Le blog Manioc vous invite à découvrir l’œuvre romanesque de Marie-George Thébia intitulée La vie Bidim d’Ambrosia Nelson
Il est des
livres qui savent vous tenir en haleine, jusqu’à vous couper le souffle. Il en
est d’autres, qui sont capables avec moins de violence, de vous briser en mille
morceaux épars. La vie Bidim d’Ambrosia Nelson, publié chez l’Harmattan, par
l’historienne guyanaise Marie George Thébia, est de ces livres qui renvoient à
ce que l’on peut considérer comme une littérature du métissage et de la
diversité. Il a été traité dans ce roman, les thématiques qui renvoient à une
dynamique de multiculturalité. Il est aussi question de rencontre, d’amour, de
voyage, de viol et toutes les vicissitudes de la condition humaine.
Rencontres,
voyages et personnages
Il est
évident que la notion de rencontre et de voyage, sont des thématiques
récurrentes de la littérature, de surcroît caribéenne. Cette littérature vouée
à la poétique de la relation (Glissant). D’où la nécessité de porter un regard
sur l’importance de ces deux notions dans ce livre de Marie George THEBIA. Les
personnages dans cette œuvre, sont nomades.
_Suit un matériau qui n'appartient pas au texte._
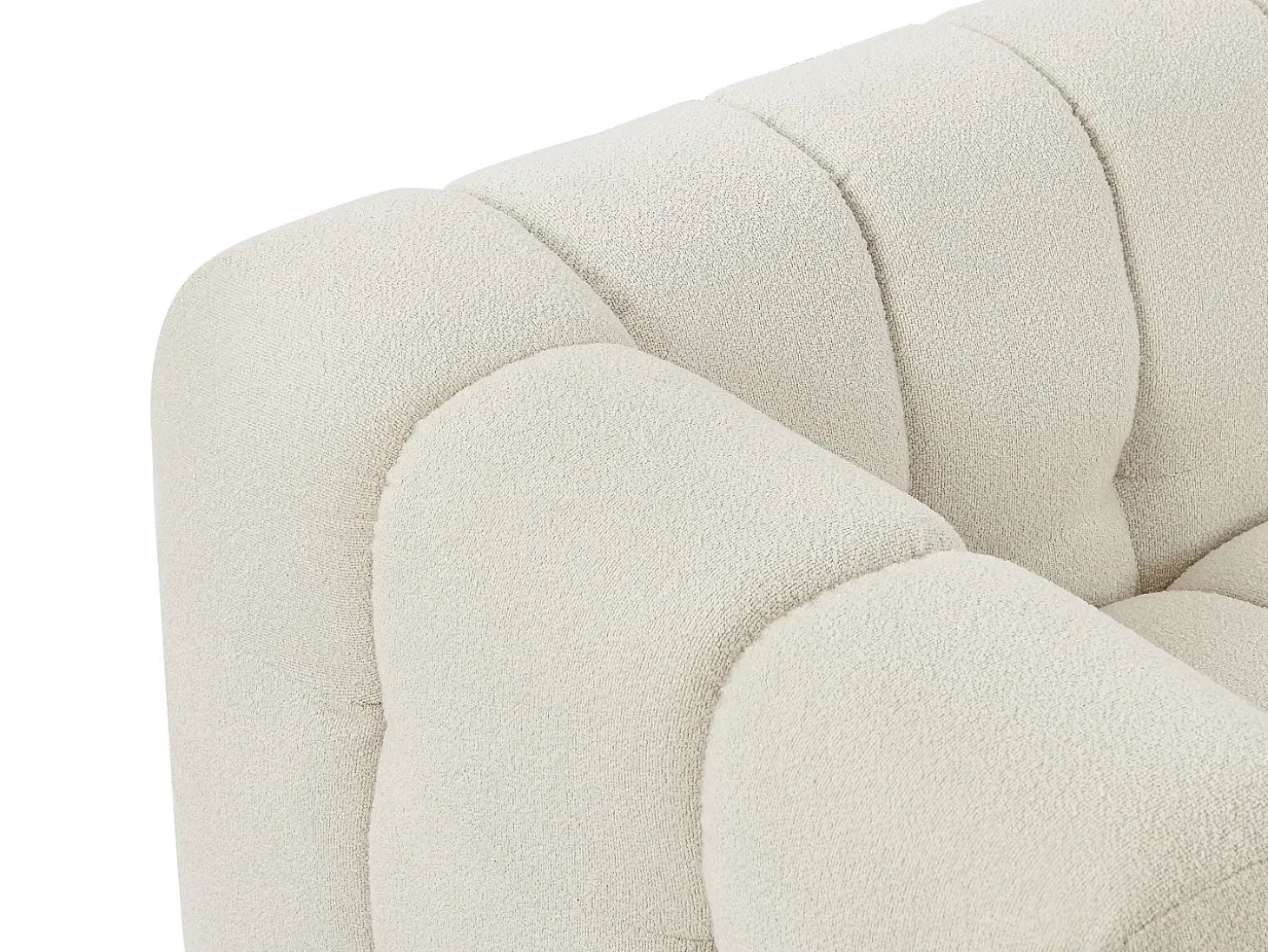 Sofá de 3 lugares em tecido bouclé branco marfim design LERICI de Pascal Morabito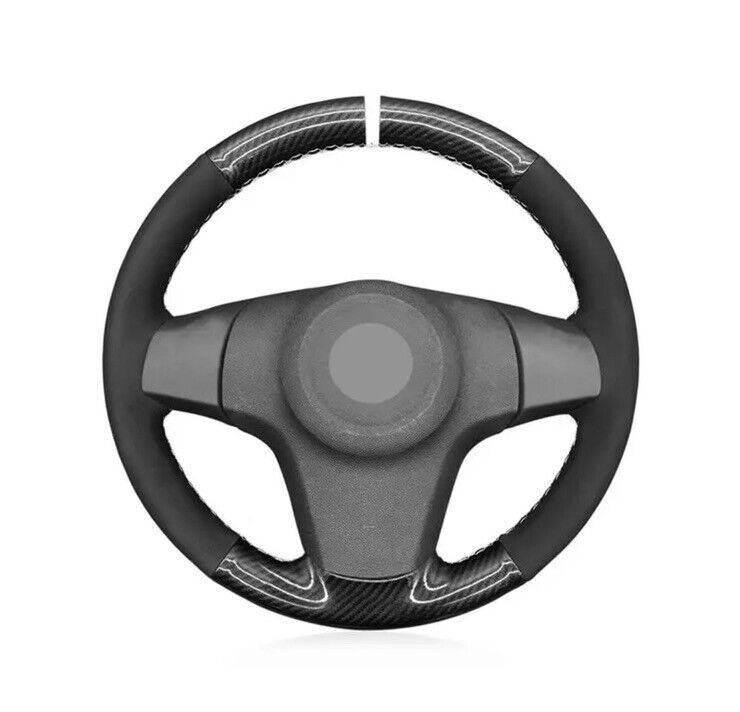 Vauxhall Corsa D 2006-2014 Suede & Carbon Fibre Steering Wheel Cover Black White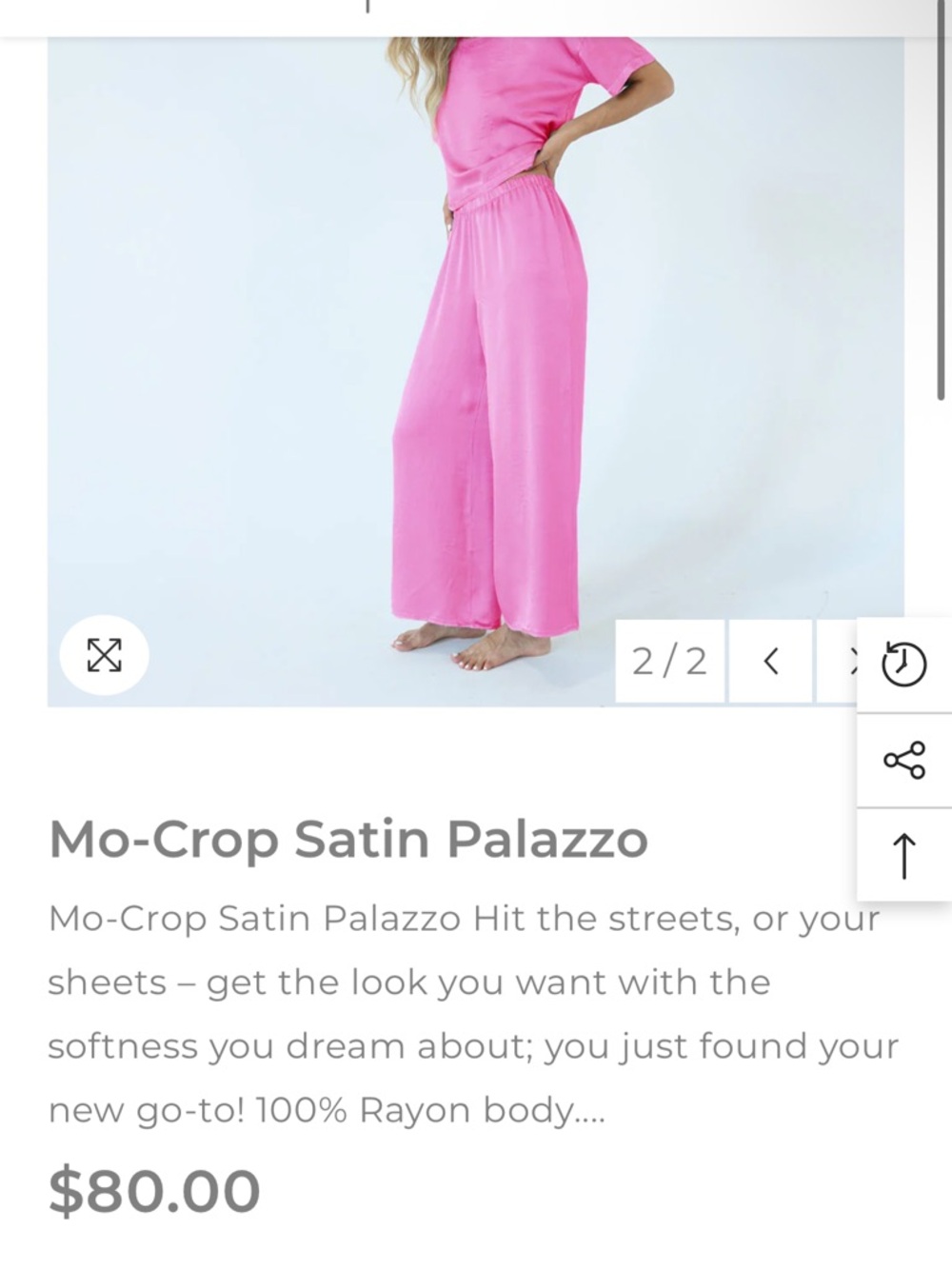 PJ HARLOW 3 pc set PINK Relaxed Wide-Leg Pants, tank and short sleeve top BUNDLE - Picture 3 of 10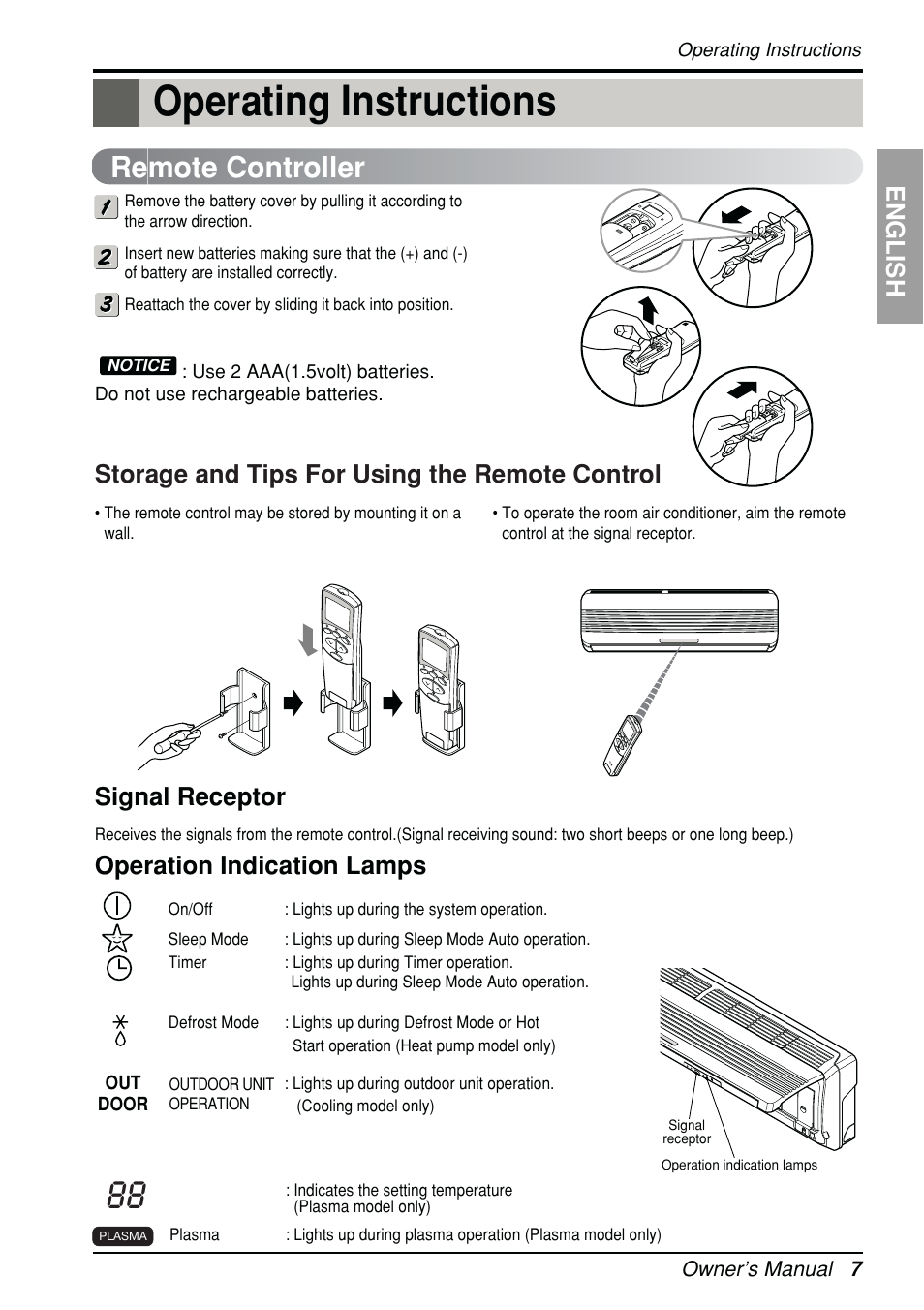 Operating instructions, Remote controller, English | Signal receptor, Operation indication lamps, Storage and tips for using the remote control | Beko LG-BKE 6450 D User Manual | Page 7 / 23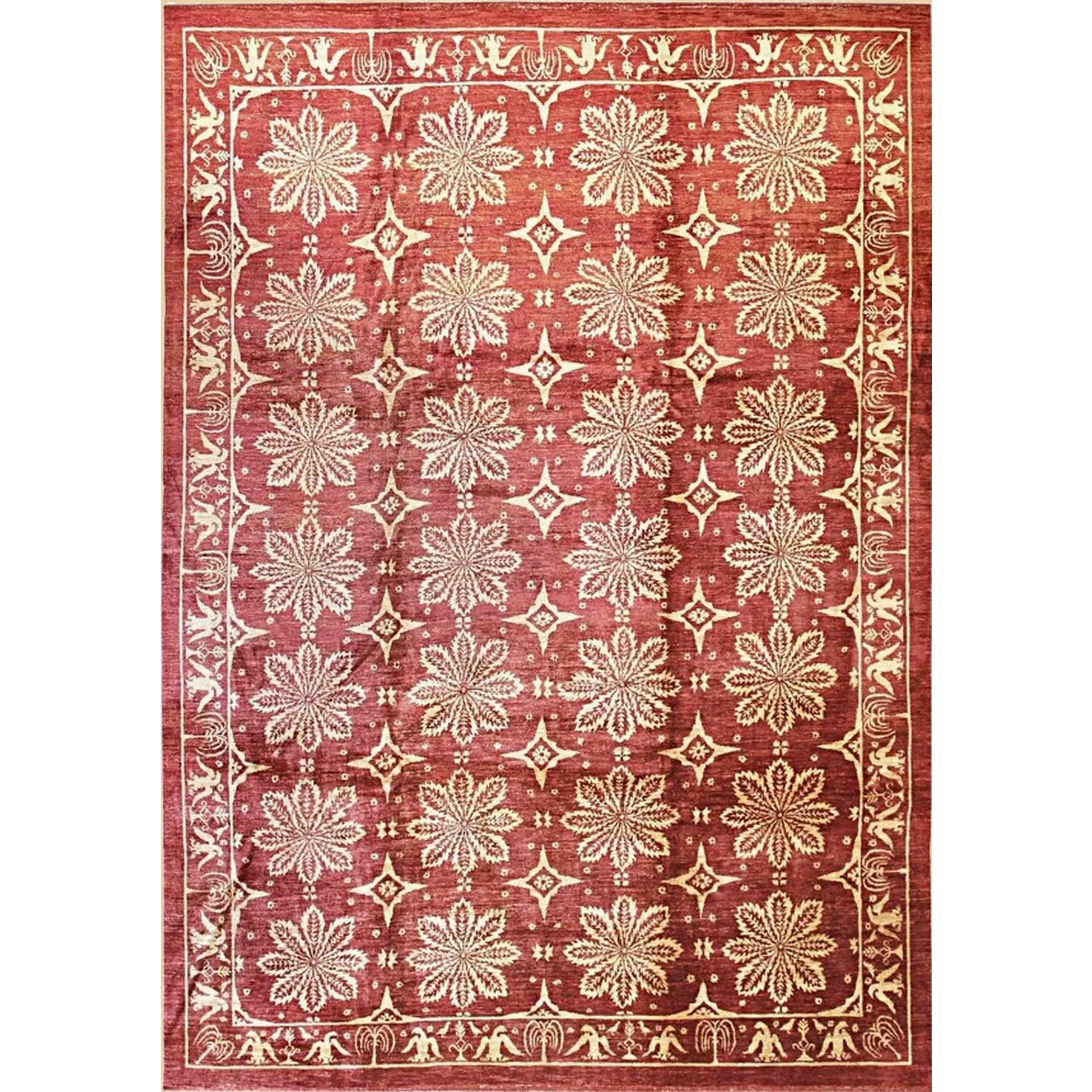 Majestic Artisan Red Hand Knotted Afghan Wool Rug
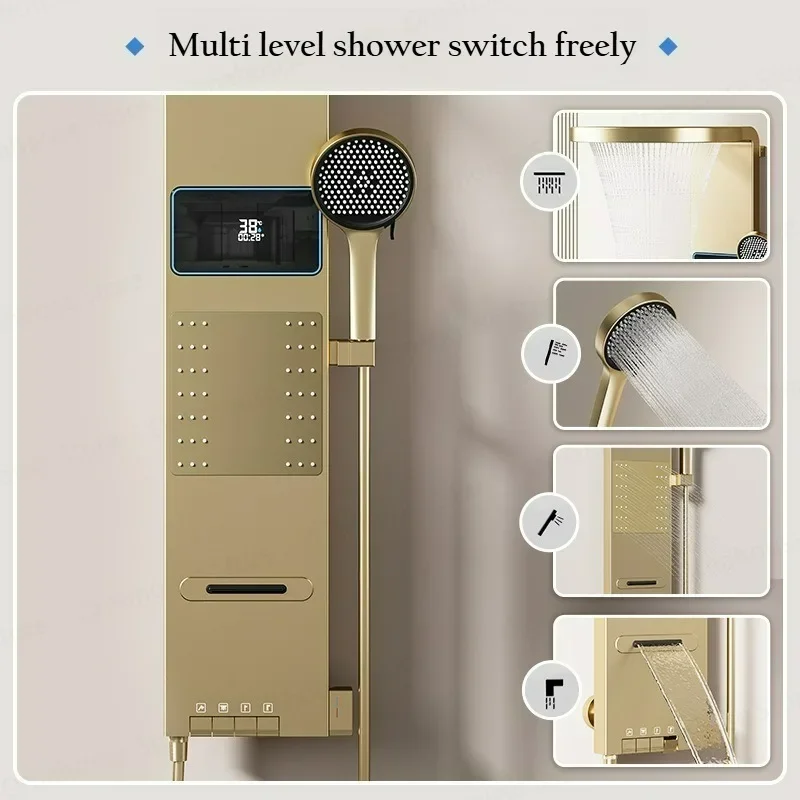 

Wall Mounted Gold Grey Aluminum Waterfall Shower Panel Set with LED Digital Display New Bathroom Lighting System
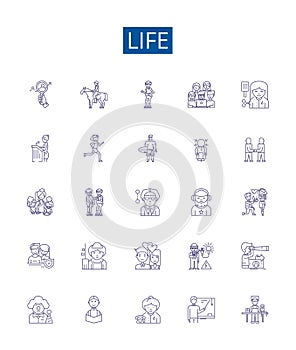 Life line icons signs set. Design collection of Existence, Living, Vitality, Endurance, Survival, Being, Existential
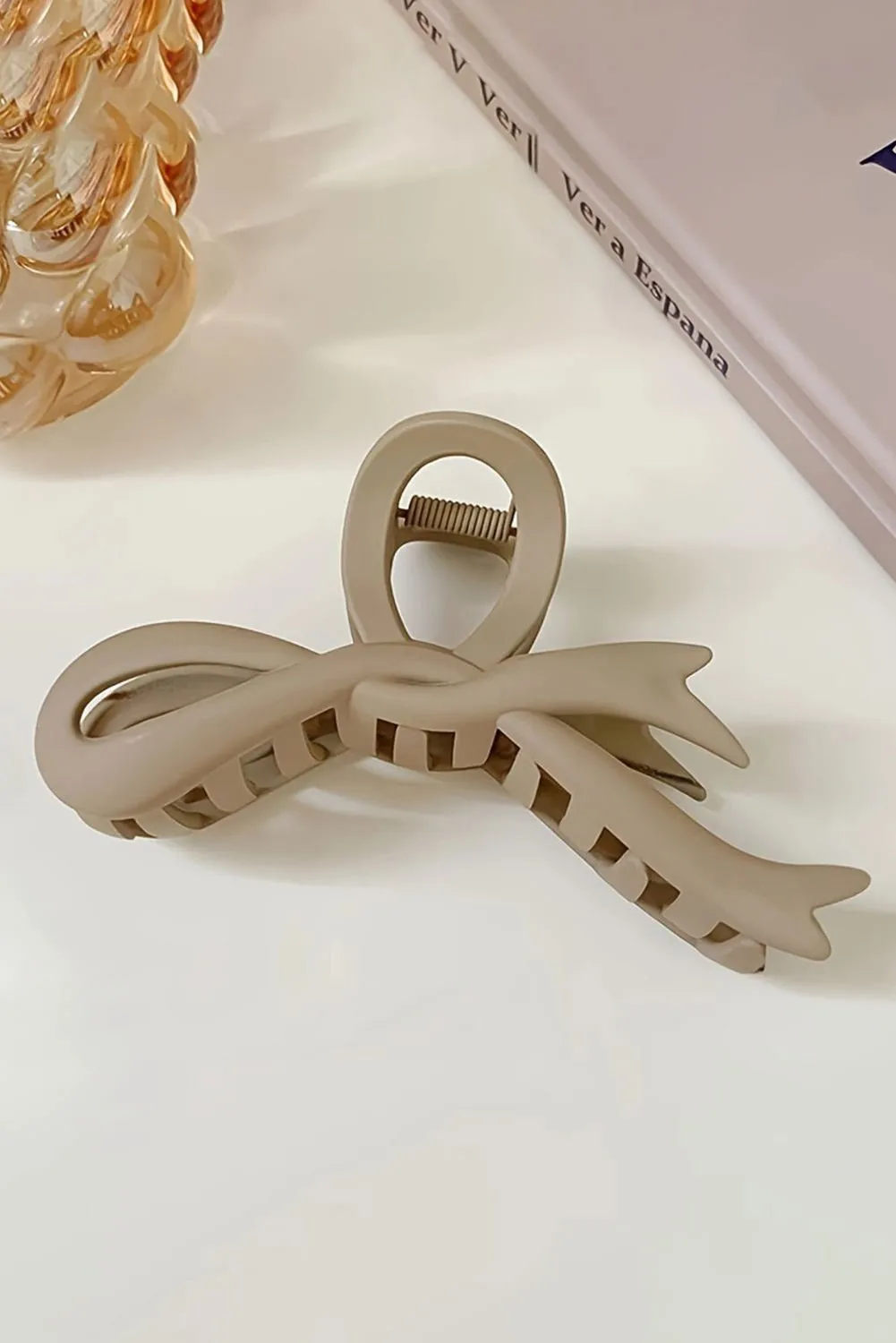 Beige Solid Color Bowknot Large Hair Claw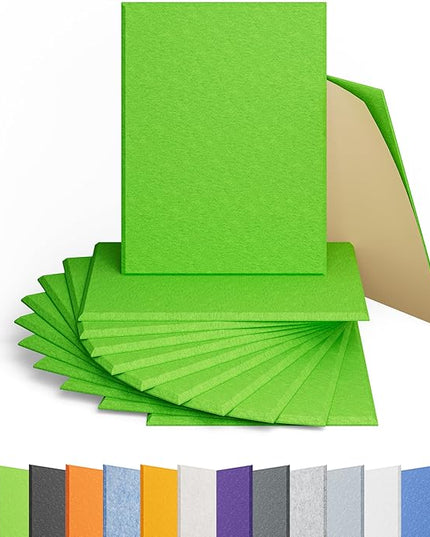 12 Pack Acoustic Panels Self Adhesive Sound Proof Foam, High Density Sound Acoustic Panel, 16X12X0.4 Inch 4:3 Rectangle Panels in Home, Office, Reccording Room, Studio, More(Fruit Green)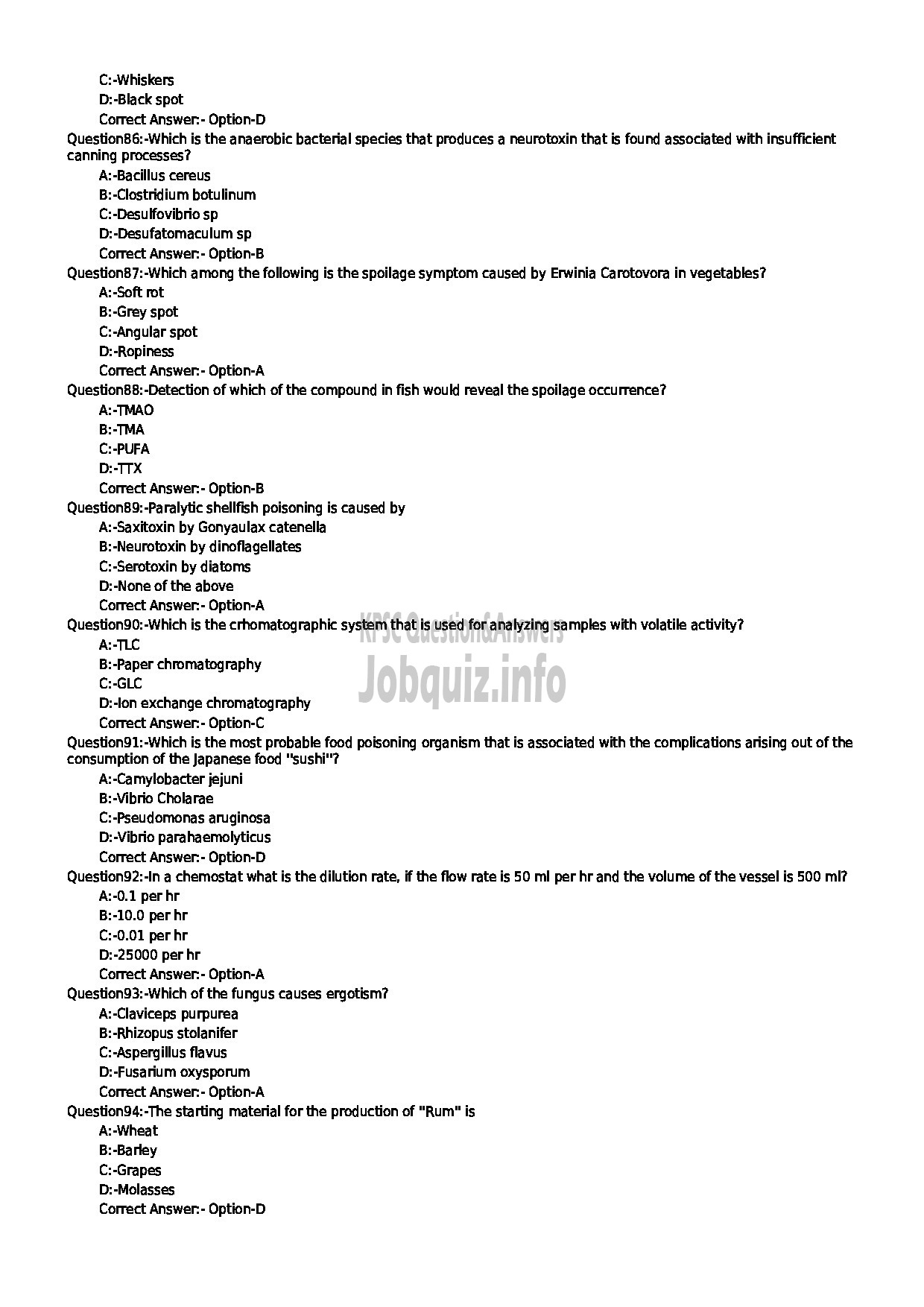 Kerala PSC Question Paper - MICROBIOLOGIST FOOD SAFETY DEPARTMENT-10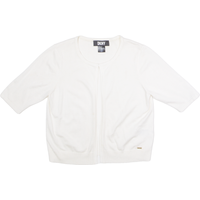 DKNY Womens Cardigan White Crew Neck Tight Knit Short Sleeve Viscose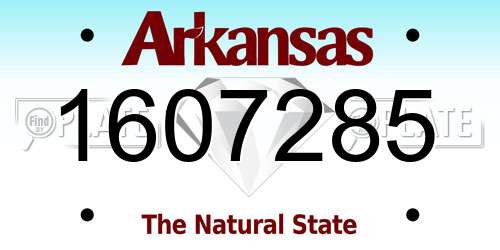 1607285 Arkansas License Plate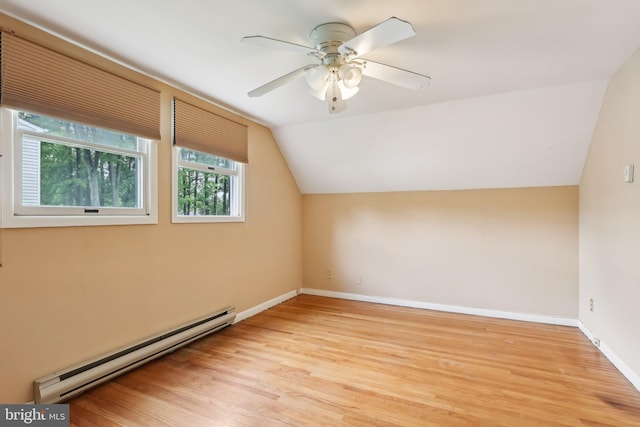 1927 Chapel Ave W, Cherry Hill, NJ 08002 - bonus room featuring a baseboard radiator, light wood-type flooring, baseboards, vaulted ceiling, and a ceiling fan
Il est tantôt question de l’Antillais,
métisse ou nègre (Maurice, Jacques) et tantôt des Arabes (Zorah et ses amis.es).
Le personnage central lui-même, Ambrosia Nelson, est le fruit d’un amour
métissé. D’une mère guyanaise (Philomène) et d’un père d’origine sainte-lucienne
(Erasme), Ambrosia est née chabine.

Une chabine à la peau mate de la Guyane. Au
cours du récit, elle dut prendre un bateau pour se rendre en France, pour un
avenir meilleur. En plein voyage, elle
fait la rencontre de différents personnages, qui vont suivre le cours de
l’histoire. Surtout, Annie jeune négresse obsédée d’hommes blancs et mulâtres,
qui se prenait pour Joséphine Baker et Jacques le mulâtre antillais, le premier
qui a fait battre son cœur. C’est un roman plein de passions et de
rencontres. Il y a aussi, beaucoup de
mouvements et de déplacements à l’intérieur même de la France. Les personnages
n’habitent pas un espace figé, ils bougent (Paris, la campagne, le sud de la
France). Zorah s’est même rendue en Algérie, pour participer à la guerre de
l’indépendance.
Arrivée à
Paris, Ambrosia rencontre des Français, des Antillais et surtout des Arabes. C’était devenu un vrai cocktail de plusieurs
cultures, qui renvoie à cette notion chère au penseur martiniquais Edouard
Glissant, le concept du "tout monde’’.
Au cours de ces différentes rencontres, une multitude de langues sont
parlées : des phrases en anglais tirées de chansons de certains artistes
des Etats-Unis cités dans le récit, le créole guyanais d’Annie et du personnage
principal Ambrosia, qui ne cesse de citer ce précepte « Fanm Regina ka
fann tchou lavi » qui est devenu le leitmotiv de toute vie Bidim.

Il y a
aussi de l’autre côté, le créole antillais. Celui de Maurice et de ses
amis. "Ay fout i bel chabine an m !". À
côté du français, la langue de la narration, il y a aussi des expressions
arabes ("Inchallah") utilisées par Zorah et d’autres ouvriers Arabes qu’Ambrosia
a rencontrés au cours de son passage à l’usine. Sans oublier Madame de Laguery,
bourgeoise et patronne de maison, qui voyage beaucoup. Des voyages réels et
imaginaires en vue d’étreindre le monde. Ce texte renvoie à une panoplie
d’autres textes, dans sa démarche esthétique, ses citations (de l’œuvre d’Alexandre
Dumas au film de Jean-Luc Godart « A bout de souffle ») et le titre
même du livre La vie Bidim d'Ambosia Nelson peut nous
renvoyer à ce concept global de transtexualité chez Gérard Genette.
De la
nostalgie et de l’improbable retour au pays natal
De Césaire (Cahier d’un retour au pays natal),
jusqu’à Dany Laferrière (L’énigme du
retour), il est toujours difficile de retourner chez soi. Ces écrivains (René
Depestre, Maryse Condé, Jean-Marie Le Clézio, Dany Laferrière, Émile Olivier) ou les personnages
de leurs livres sont perpétuellement confrontés à cette problématique du voyage
et du retour. Bien qu’ils se disent contents ou citoyens de tous les pays du
monde, il y a toujours cette nostalgie d’un chez soi. Le personnage Ambrosia,
adore participer à des activités où résonnent la danse et les cultures créoles.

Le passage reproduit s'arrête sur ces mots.